Los aventureros del golpe militar de entonces, después de su efímera borrachera
de victoria, quedaron aparcados en la cloaca de la historia, lugar en el que
con toda seguridad estarán pronto los golpistas de hoy. No se puede agraviar impunemente a los muertos, porque en la
cultura del pueblo ellos forman parte de los principios básicos reguladores del
destino de los vivos.
La
brutalidad de los golpistas hoy obtiene el miedo de la gente, pero ha abierto
las puertas de un resentimiento
generalizado. Las suturas con las que las seculares grietas clasistas,
regionales y raciales habían sido cerradas han estallado por los aires dejando
unas heridas sociales sangrantes. Hoy hay odio por todos lados, de unos contra
otros. Las clases medias tradicionales
quisieran ver el cadáver de Evo arrastrado por las calles, como el del
expresidente Villarroel en 1946. Las
clases plebeyas quisieran ver a los ricos cercados en sus barrios padeciendo de
hambre por la falta de alimento. Una nueva guerra de razas anida en el
espíritu de un país desgarrado por la felonía de una clase que halló en el prejuicio
colonial de superioridad la defensa de sus privilegios.
Ya
lo dijimos, la fascistización de la clase media tradicional es la respuesta
conservadora a su decadencia social fruto de la devaluación de sus aptitudes,
capitales, oportunidades y saberes legítimos frente a la “invasión“ de una nueva clase media de origen popular e
indígena con repertorios de ascenso social más eficaces en el Estado
indianizado de la última década. No es que han tenido una depreciación de
su patrimonio -que de hecho aumentó pasivamente debido a la expansión económica
generalizada del país- sino de sus oportunidades y apuestas sociales de mayor
ascenso social aprovechando el crecimiento exponencial de la riqueza nacional.
Pero
esto no ha limitado un hecho relevante de las estructuras de clases sociales y
de los procesos de hegemonía política: la irradiación estatal de las clases
medias. En sentido estricto el Estado es, en su regularidad, el monopolio del
sentido común de una sociedad. En tanto que el poder político es, con mucho, la creencia y convicción de unos del
poder de otros, es en cierto modo también un tipo de sensación intersubjetiva. Se
trata del espeso mundo de las narraciones profundas con efecto estatal. La
“opinión pública”, esto es, las narrativas, símbolos y sentidos de comprensión
de la legitimidad que pugna por realinear el sentido común político, en gran
parte es concentrada por las clases medias tradicionales por disposición de
tiempo, recursos y especialización laboral.
En
Bolivia, el ascenso social de nuevas clases medias indígena-populares ha venido
acompañado por nuevas narrativas y sentidos de realidad pero no con la
suficiente solidez como para irradiarse o contraponer la racialización del
discurso de las clases conservadoras y ser soporte de una nueva “opinión
pública” predominante. Las clases medias tradicionales poseen la experiencia en
las formaciones discursivas y en los sedimentos históricos del sentido común
dominante, lo que les ha permitido expandir retazos de su modo de ver el mundo
más allá de la frontera de clase, incluso en partes de las nuevas clases medias
y sectores populares. De hecho, la nueva
clase media más que una clase social con existencia pública movilizada es una
clase estadística, es decir, aún no es una clase con irradiación estatal.
De
ahí las dramáticas formas con las que las fuerzas indígena-populares intentan
escenificar y narrar sus resistencias. Se trata de otras maneras de
construcción de opinión pública y de articulación del sentido común que se
irradia a otros sectores sociales, pero a raíz del hecho de fuerza del golpe de
Estado, ahora subalternizadas, fragmentadas.

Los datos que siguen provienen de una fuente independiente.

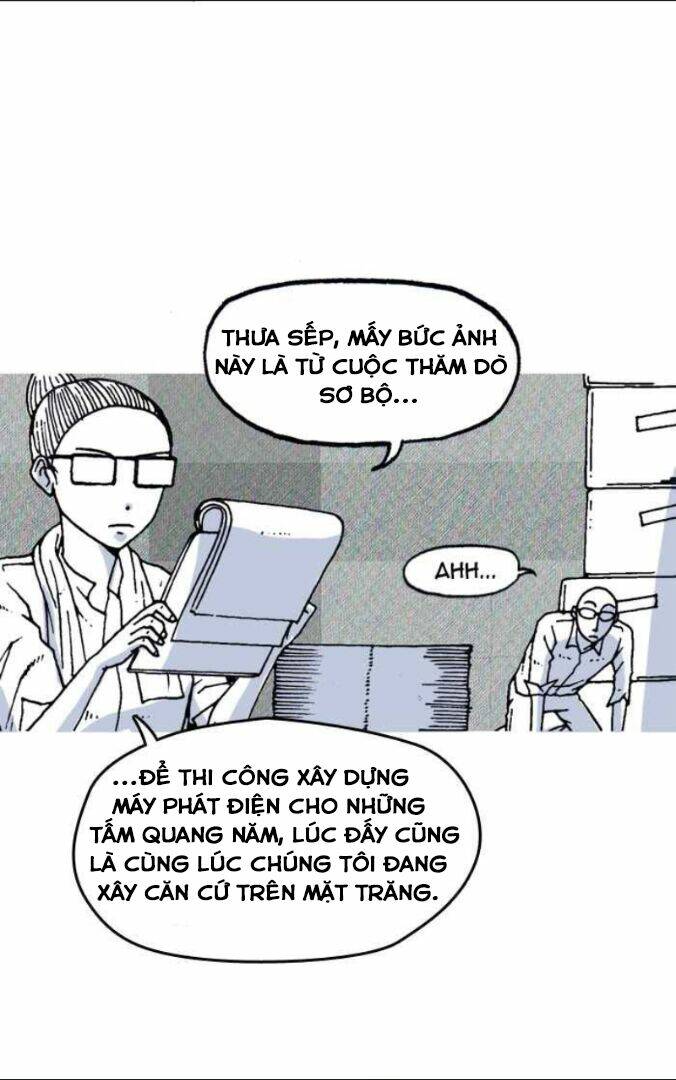 Mắc Kẹt Trên Mặt Trăng: Chapter 13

Mientras tanto, el fascismo cabalga como un jinete enloquecido al interior de las murallas de los clásicos barrios de clase media. Ahí, la cultura y las razones han sido erradicadas sin disimulo por el prejuicio y la revancha. Y parece ser que sólo el estupor fruto de un nuevo estallido social o de la debacle económica que asoman en el horizonte, producto de tanto odio y destrucción, podrá agrietar tanta irracionalidad escupida como discurso.